# EXERCISE:
The records, repeated exactly and in full, are the expected answer.

# DATA EXCERPTS:
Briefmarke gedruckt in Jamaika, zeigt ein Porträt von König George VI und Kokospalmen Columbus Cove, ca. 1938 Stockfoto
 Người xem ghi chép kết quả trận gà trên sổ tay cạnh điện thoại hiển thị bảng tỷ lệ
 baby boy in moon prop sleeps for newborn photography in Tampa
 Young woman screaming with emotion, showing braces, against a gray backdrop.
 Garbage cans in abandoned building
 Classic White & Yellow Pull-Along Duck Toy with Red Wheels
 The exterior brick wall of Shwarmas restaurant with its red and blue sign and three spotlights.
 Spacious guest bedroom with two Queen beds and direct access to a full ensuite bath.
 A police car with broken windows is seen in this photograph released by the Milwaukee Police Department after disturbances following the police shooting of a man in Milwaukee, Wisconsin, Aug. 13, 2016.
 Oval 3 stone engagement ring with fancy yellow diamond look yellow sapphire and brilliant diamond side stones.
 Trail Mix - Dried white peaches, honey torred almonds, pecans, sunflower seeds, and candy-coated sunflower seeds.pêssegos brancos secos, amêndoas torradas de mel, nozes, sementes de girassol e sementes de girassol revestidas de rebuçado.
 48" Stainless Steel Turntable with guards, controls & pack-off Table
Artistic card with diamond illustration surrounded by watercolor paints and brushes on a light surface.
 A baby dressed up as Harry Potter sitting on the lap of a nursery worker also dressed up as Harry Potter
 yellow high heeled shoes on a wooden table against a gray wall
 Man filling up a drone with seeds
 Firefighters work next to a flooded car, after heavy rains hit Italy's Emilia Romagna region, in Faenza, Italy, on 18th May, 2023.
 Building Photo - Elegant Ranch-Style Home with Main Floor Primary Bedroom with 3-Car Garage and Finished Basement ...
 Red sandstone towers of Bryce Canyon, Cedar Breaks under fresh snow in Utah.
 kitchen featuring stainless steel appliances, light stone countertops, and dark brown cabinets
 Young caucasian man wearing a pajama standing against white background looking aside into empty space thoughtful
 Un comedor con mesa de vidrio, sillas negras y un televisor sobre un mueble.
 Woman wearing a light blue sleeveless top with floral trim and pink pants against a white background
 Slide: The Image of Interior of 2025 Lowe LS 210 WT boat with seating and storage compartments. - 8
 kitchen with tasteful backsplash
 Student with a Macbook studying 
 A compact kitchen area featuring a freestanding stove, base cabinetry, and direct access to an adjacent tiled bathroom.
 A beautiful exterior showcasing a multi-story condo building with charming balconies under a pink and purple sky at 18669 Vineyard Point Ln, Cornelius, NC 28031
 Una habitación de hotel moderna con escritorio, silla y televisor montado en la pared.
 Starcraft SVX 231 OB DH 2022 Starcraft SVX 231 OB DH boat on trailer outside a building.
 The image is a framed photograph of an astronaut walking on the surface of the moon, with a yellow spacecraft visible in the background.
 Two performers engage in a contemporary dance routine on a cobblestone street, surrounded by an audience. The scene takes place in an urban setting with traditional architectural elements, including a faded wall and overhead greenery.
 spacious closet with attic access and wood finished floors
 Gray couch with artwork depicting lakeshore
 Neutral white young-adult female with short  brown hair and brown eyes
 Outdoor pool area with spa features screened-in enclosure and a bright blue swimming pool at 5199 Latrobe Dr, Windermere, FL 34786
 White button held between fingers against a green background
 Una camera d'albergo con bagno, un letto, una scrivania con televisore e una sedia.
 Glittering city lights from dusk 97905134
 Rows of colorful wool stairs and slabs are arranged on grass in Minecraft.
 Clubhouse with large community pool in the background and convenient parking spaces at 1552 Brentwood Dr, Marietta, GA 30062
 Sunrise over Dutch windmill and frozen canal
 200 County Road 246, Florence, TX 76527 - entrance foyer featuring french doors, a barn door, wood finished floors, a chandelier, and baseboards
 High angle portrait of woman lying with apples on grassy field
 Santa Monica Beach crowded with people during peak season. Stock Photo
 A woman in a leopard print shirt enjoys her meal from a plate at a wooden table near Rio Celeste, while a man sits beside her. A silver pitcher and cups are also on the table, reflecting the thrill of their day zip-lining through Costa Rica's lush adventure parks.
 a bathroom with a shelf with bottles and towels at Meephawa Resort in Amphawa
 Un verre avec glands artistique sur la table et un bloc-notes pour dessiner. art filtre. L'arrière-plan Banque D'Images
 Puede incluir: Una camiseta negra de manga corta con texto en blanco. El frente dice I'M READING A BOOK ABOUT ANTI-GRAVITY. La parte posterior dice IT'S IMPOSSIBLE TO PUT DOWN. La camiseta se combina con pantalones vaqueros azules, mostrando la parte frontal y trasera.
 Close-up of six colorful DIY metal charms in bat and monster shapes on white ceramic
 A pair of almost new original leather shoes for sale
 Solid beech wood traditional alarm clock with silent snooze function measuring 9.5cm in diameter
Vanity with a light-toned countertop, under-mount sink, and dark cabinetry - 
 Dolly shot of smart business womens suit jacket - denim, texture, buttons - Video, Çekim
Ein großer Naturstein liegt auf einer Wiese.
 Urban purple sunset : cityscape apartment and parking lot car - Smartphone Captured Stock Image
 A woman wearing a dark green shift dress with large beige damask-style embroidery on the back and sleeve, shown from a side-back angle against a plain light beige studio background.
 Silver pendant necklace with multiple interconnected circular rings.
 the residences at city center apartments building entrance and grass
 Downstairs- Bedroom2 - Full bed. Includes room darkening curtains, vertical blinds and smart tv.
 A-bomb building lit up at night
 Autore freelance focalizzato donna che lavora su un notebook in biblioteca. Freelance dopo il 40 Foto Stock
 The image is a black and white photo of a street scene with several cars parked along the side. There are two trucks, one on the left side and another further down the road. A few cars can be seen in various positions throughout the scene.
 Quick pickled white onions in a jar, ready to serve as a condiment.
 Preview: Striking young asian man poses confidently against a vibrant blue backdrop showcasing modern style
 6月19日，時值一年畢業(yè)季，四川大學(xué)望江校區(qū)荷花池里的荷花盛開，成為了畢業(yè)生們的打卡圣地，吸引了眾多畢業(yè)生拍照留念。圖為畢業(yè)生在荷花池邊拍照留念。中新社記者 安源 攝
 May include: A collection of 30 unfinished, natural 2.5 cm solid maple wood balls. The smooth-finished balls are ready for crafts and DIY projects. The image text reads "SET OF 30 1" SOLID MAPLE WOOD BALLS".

# SOLUTION TO THIS EXERCISE:
Briefmarke gedruckt in Jamaika, zeigt ein Porträt von König George VI und Kokospalmen Columbus Cove, ca. 1938 Stockfoto
 Người xem ghi chép kết quả trận gà trên sổ tay cạnh điện thoại hiển thị bảng tỷ lệ
 baby boy in moon prop sleeps for newborn photography in Tampa
 Young woman screaming with emotion, showing braces, against a gray backdrop.
 Garbage cans in abandoned building
 Classic White & Yellow Pull-Along Duck Toy with Red Wheels
 The exterior brick wall of Shwarmas restaurant with its red and blue sign and three spotlights.
 Spacious guest bedroom with two Queen beds and direct access to a full ensuite bath.
 A police car with broken windows is seen in this photograph released by the Milwaukee Police Department after disturbances following the police shooting of a man in Milwaukee, Wisconsin, Aug. 13, 2016.
 Oval 3 stone engagement ring with fancy yellow diamond look yellow sapphire and brilliant diamond side stones.
 Trail Mix - Dried white peaches, honey torred almonds, pecans, sunflower seeds, and candy-coated sunflower seeds.pêssegos brancos secos, amêndoas torradas de mel, nozes, sementes de girassol e sementes de girassol revestidas de rebuçado.
 48" Stainless Steel Turntable with guards, controls & pack-off Table
Artistic card with diamond illustration surrounded by watercolor paints and brushes on a light surface.
 A baby dressed up as Harry Potter sitting on the lap of a nursery worker also dressed up as Harry Potter
 yellow high heeled shoes on a wooden table against a gray wall
 Man filling up a drone with seeds
 Firefighters work next to a flooded car, after heavy rains hit Italy's Emilia Romagna region, in Faenza, Italy, on 18th May, 2023.
 Building Photo - Elegant Ranch-Style Home with Main Floor Primary Bedroom with 3-Car Garage and Finished Basement ...
 Red sandstone towers of Bryce Canyon, Cedar Breaks under fresh snow in Utah.
 kitchen featuring stainless steel appliances, light stone countertops, and dark brown cabinets
 Young caucasian man wearing a pajama standing against white background looking aside into empty space thoughtful
 Un comedor con mesa de vidrio, sillas negras y un televisor sobre un mueble.
 Woman wearing a light blue sleeveless top with floral trim and pink pants against a white background
 Slide: The Image of Interior of 2025 Lowe LS 210 WT boat with seating and storage compartments. - 8
 kitchen with tasteful backsplash
 Student with a Macbook studying 
 A compact kitchen area featuring a freestanding stove, base cabinetry, and direct access to an adjacent tiled bathroom.
 A beautiful exterior showcasing a multi-story condo building with charming balconies under a pink and purple sky at 18669 Vineyard Point Ln, Cornelius, NC 28031
 Una habitación de hotel moderna con escritorio, silla y televisor montado en la pared.
 Starcraft SVX 231 OB DH 2022 Starcraft SVX 231 OB DH boat on trailer outside a building.
 The image is a framed photograph of an astronaut walking on the surface of the moon, with a yellow spacecraft visible in the background.
 Two performers engage in a contemporary dance routine on a cobblestone street, surrounded by an audience. The scene takes place in an urban setting with traditional architectural elements, including a faded wall and overhead greenery.
 spacious closet with attic access and wood finished floors
 Gray couch with artwork depicting lakeshore
 Neutral white young-adult female with short  brown hair and brown eyes
 Outdoor pool area with spa features screened-in enclosure and a bright blue swimming pool at 5199 Latrobe Dr, Windermere, FL 34786
 White button held between fingers against a green background
 Una camera d'albergo con bagno, un letto, una scrivania con televisore e una sedia.
 Glittering city lights from dusk 97905134
 Rows of colorful wool stairs and slabs are arranged on grass in Minecraft.
 Clubhouse with large community pool in the background and convenient parking spaces at 1552 Brentwood Dr, Marietta, GA 30062
 Sunrise over Dutch windmill and frozen canal
 200 County Road 246, Florence, TX 76527 - entrance foyer featuring french doors, a barn door, wood finished floors, a chandelier, and baseboards
 High angle portrait of woman lying with apples on grassy field
 Santa Monica Beach crowded with people during peak season. Stock Photo
 A woman in a leopard print shirt enjoys her meal from a plate at a wooden table near Rio Celeste, while a man sits beside her. A silver pitcher and cups are also on the table, reflecting the thrill of their day zip-lining through Costa Rica's lush adventure parks.
 a bathroom with a shelf with bottles and towels at Meephawa Resort in Amphawa
 Un verre avec glands artistique sur la table et un bloc-notes pour dessiner. art filtre. L'arrière-plan Banque D'Images
 Puede incluir: Una camiseta negra de manga corta con texto en blanco. El frente dice I'M READING A BOOK ABOUT ANTI-GRAVITY. La parte posterior dice IT'S IMPOSSIBLE TO PUT DOWN. La camiseta se combina con pantalones vaqueros azules, mostrando la parte frontal y trasera.
 Close-up of six colorful DIY metal charms in bat and monster shapes on white ceramic
 A pair of almost new original leather shoes for sale
 Solid beech wood traditional alarm clock with silent snooze function measuring 9.5cm in diameter
Vanity with a light-toned countertop, under-mount sink, and dark cabinetry - 
 Dolly shot of smart business womens suit jacket - denim, texture, buttons - Video, Çekim
Ein großer Naturstein liegt auf einer Wiese.
 Urban purple sunset : cityscape apartment and parking lot car - Smartphone Captured Stock Image
 A woman wearing a dark green shift dress with large beige damask-style embroidery on the back and sleeve, shown from a side-back angle against a plain light beige studio background.
 Silver pendant necklace with multiple interconnected circular rings.
 the residences at city center apartments building entrance and grass
 Downstairs- Bedroom2 - Full bed. Includes room darkening curtains, vertical blinds and smart tv.
 A-bomb building lit up at night
 Autore freelance focalizzato donna che lavora su un notebook in biblioteca. Freelance dopo il 40 Foto Stock
 The image is a black and white photo of a street scene with several cars parked along the side. There are two trucks, one on the left side and another further down the road. A few cars can be seen in various positions throughout the scene.
 Quick pickled white onions in a jar, ready to serve as a condiment.
 Preview: Striking young asian man poses confidently against a vibrant blue backdrop showcasing modern style
 6月19日，時值一年畢業(yè)季，四川大學(xué)望江校區(qū)荷花池里的荷花盛開，成為了畢業(yè)生們的打卡圣地，吸引了眾多畢業(yè)生拍照留念。圖為畢業(yè)生在荷花池邊拍照留念。中新社記者 安源 攝
 May include: A collection of 30 unfinished, natural 2.5 cm solid maple wood balls. The smooth-finished balls are ready for crafts and DIY projects. The image text reads "SET OF 30 1" SOLID MAPLE WOOD BALLS".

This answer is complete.